(From Snapchat)

(From Snapchat)

Snapchat has no plans of slowing down for the holiday season.

The disappearing messaging app’s latest update is an expansion of its geofilters service, in which small pictures or words appear on top of users’ photos and videos. They are geography based, so downtown L.A.’s filter, for example, pops up when the user is there, but it isn’t accessible in Santa Monica.

These filters, and the locations that received tags, were solely designed by the app’s Venice team. But now Snapchat is letting users create their own.

Snapchat unveiled a community site where users can upload original images and choose where they want their created filters to be available. Filters as well as the app’s location services must be enabled in settings to access the new feature.

Once Snapchat approves the image, friends and other users can access the one-of-a-kind geofilter by swiping across the main interface.

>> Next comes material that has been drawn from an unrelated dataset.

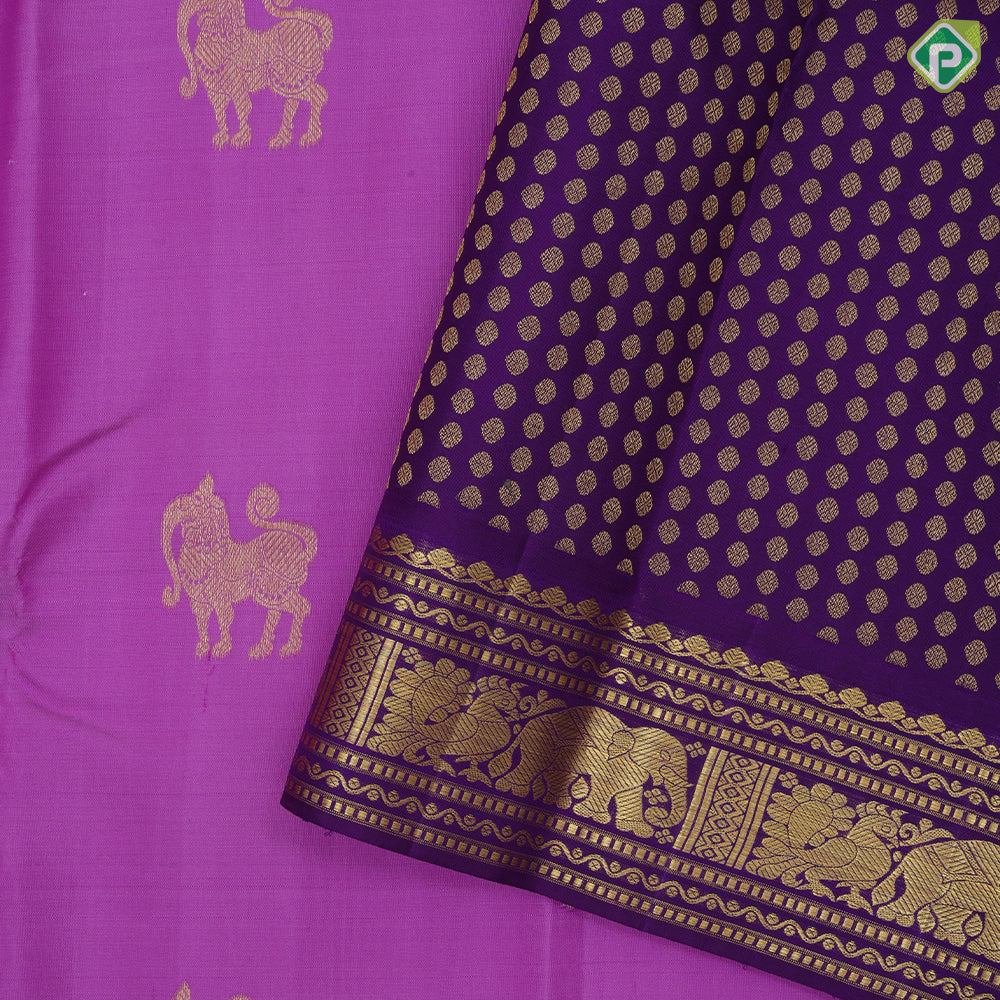 Pink Gold Zari Yali Butta Design Purple Elephant Peacock Border Design Traditional Silk Saree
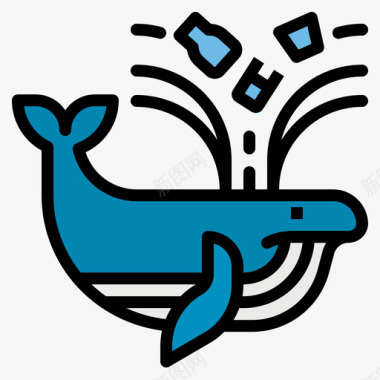 鲸鱼塑料污染18线性颜色图标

“From coffee shops in Venice to coastal towns in Oslo, we hope you’ve enjoyed discovering each little piece of art!” Snapchat said on its blog. “Now it’s easy to draw a little piece of art and put it somewhere meaningful to you and your friends.”

When Snapchat first unveiled geofilters, it was easy to see how they could be monetized for brands. Macy’s sponsored a filter that was specially created for users attending its Thanksgiving parade in New York City.

Community filters now let local restaurants and other mom-and-pop shops self-advertise by creating special filters for their customers to use. But how that will translate into real dollars is unclear as the service is currently free to use.

Uncertain monetization models have been Snapchat’s M.O. since launching in 2011, and the latest update is just another piece of its revenue puzzle. The company released its first ads in October and launched mobile payments service Snapcash last month. Snapchat is said to be currently raising a massive funding round that would value the app at $10 billion.